Le canzoni più lunghe, Floaters In The Void e Gashes In The Veil (quasi nove minuti nei quali troviamo la migliore interazione tra passaggi veloci e momenti acustici) sono quelle invece che presentano tutta la gamma musicale in cui il quintetto spazia e, per apprezzarle meglio, avranno bisogno di più di un ascolto.
Bella anche la cadenzata Under One Thousand Moons, nella quale alla fine fa capolino anche un hammond proprio prima del fade out, che però arriva troppo presto.

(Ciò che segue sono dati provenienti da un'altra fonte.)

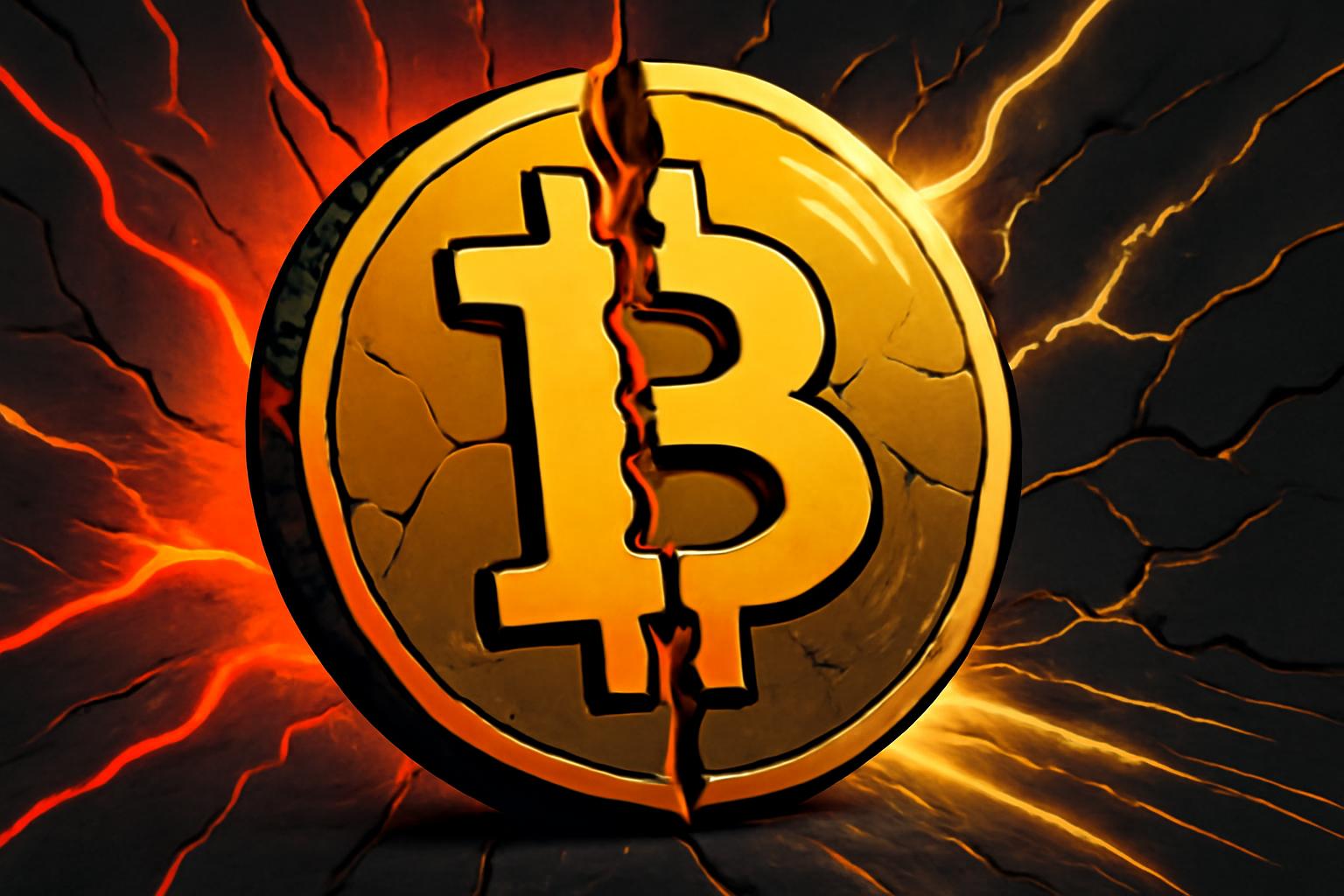 比特币在十字路口:它会反弹吗,还是峰值已经过去?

Chiude a sorpresa un’interessante cover: Ballo in Fa# Minore. Anche qui è presente seppur in modo limitato il cantato growl che, visto il mood che il gruppo ha dato a questa versione della canzone di Angelo Branduardi, non stona affatto e l’impressione è che sarà gradita dalla maggior parte degli ascoltatori.
Megantereon non è un disco che passerà agli annali del metal per innovatività, ma fa capire quanto i Neurosphere credano nella loro musica: un lavoro sopra la media delle band nostrane, suonato molto bene, con metodicità e affiatamento (dieci anni insieme si sentono) e merita assolutamente un ascolto.